Ouviu as últimas palavras do diretor, antes que os dois se afastassem o suficiente.
Sozinho agora... e nem ao menos tinha prestado suas homenagens. Decidiu se mexer. Não que achasse realmente necessário. O próprio finado concordaria. Mas queria se aproximar, agarrando-se a desculpa para si próprio.
Calçou o chapéu na mão, seguindo o tapete vermelho sangue, decorado em preto com rabiscos simétricos (desenhando o que você achasse que deveria ser), guiando-o até o lado da poltrona do garoto.
Aproximou-se em passos lentos, cuidadoso.
Se deixou um pouco a frente do menino, contemplando o relicário a contempla-lo.
“Onde espalhariam suas cinzas...?”. A idéia de desintegrar ao vento contorceu-lhe o espírito naquele momento, em volta da rosa branca que lhe dizia seus receios mais profundos.
-Vai ficar aqui...- explicou o garoto.
-Entendo.- entendeu Cardllock.
Seus estudos já eram tão profundos? Ou sua expressão dizia tudo o que não conseguiria ler em consciência.
-Meu irmão não gostaria de ter suas cinzas jogadas por ai...-voltou o menino, contendo o que seria sentimentos mais nobres.
Cardllock estudou a voz controlada, sabendo que o próprio controle era um grande indício de sofrimento.
-Está errado.- decidiu responder, enfim.
-...O que...?- voltou o garoto, deixando escapar, pasmo, perdendo muito do fino ensaiar.
-Ele não se importaria. Ele era um idiota orgulhoso, sim. Mas cinzas ainda são sempre cinzas, nada mais que fogo morto, e ele sempre soube disso. Como os dias que passaram e os dias que passarão. O que conta mesmo é o ele que deixou ardente dentro de você.
-...mas...eu... não sei...- não seria a primeira vez a admitir.
-E você tem que aceitar, continuar, pois o tempo não sofre, não sente dor, ele não lamenta. Continua, se desfazendo como essas cinzas que nunca foram seu irmão.
Quase engasgou ao choro. As lágrimas trouxeram o vicio do sofrimento. Escondendo o rosto nas mãos, deixou-se ali em sua dor. Como podia ele compreender o que escondia enterrado em seu intimo? Era assim com todo mundo? É esse o poder do ser-humano, se entender mutuamente, mergulhar um no outro para encontrar a si mesmo?
-Pode chorar, mas não deve se esconder.- disse por fim Cardllock, indo até o altar, acariciando o relicário com a ponta dos dedos.
No selo, palavras improvisadas na letra do ocupante.

“A Chama da minha vida
não pertence mais a mim
Ela é tua agora
Enquanto queime até o fim”

Não tinha mais o que fazer ali. Estava na hora de se despedir. Não jurou nada, ao menos nem tentou compreender. Tudo isso viria a seguir.
-Até mais garoto. Lembre-se de olhar para trás para olhar para frente.
-...qual é o seu nome...?
-Nome? Bem, Gregório Cardllock.
-O professor?
-Não mais. Não imaginava que o seu irmão tivesse comentado sobre mim.
-Ele não comentou.
Houve uma certa pausa conveniente.
-Quantos anos você tem?-voltou Cardllock.
- Treze...
-Certo... Terceiro ano, então? Me escreva se tiver algum problema.
-Problema...? Não sei...
-Qualquer um... Se tiver vontade.
Não disseram mais nada.
Cardllock seguiu pelo caminho, sustentando os olhares. Se esquecera das outras pessoas, mas elas não eram importantes agora. Não ainda.

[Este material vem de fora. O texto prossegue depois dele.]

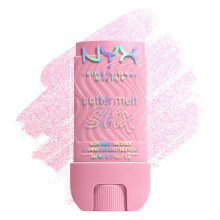 NYX PROFESSIONAL MAKEUP Buttermelt Glaze Stix, Nicht fettender Highlighter-Stick, bis zu 8 Std. Halt - 04 My Melt Era (Pink)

Reconheceu novos personagens ocupando outras posições. Algumas, lembrou ele, com um ficha criminal tão extensa quanto sua olheira, inocentados por convenientes contatos ocultos.
Dumbledore já não estava mais na sala. Snape à porta, deixando o aposento, despercebido. O jovem doentio estava sentando, com as mãos da velha cega caladas entre as suas.
Quem seria todas essas pessoas...? É certo que Vincent tinha seu reconhecimento, mas não cultivava muitos amigos... Pelo menos não amigos como eles.
Deixou o aposento, ganhando o corredor.
Snape estava à borda da escada, sempre a espera.
Cardllock caminhou casualmente, tentando entreouvir ou perceber algo nos outros quartos.
-E Dumbledore?-iniciou Gregório.
-Ainda não voltou.- respondeu o outro, nunca esquecendo do orgulho pretensioso.
-Voltou?
Severo indicou com a cabeça uma porta a direita, duas atrás.
Como se ele predissesse o acontecimento, o que Cardllock não achou que ele fosse capaz, a porta se escancarou com força para dentro, dando ouvidos a uma voz alta e agitada.
-Você sabe que é um erro Dumbledore! Eu sou a pessoa mais indicada! Não me deixe fora disso só por preconceito!
-Minha cara Sofia, não sou isento aos preconceitos, mas sei administrá-los e...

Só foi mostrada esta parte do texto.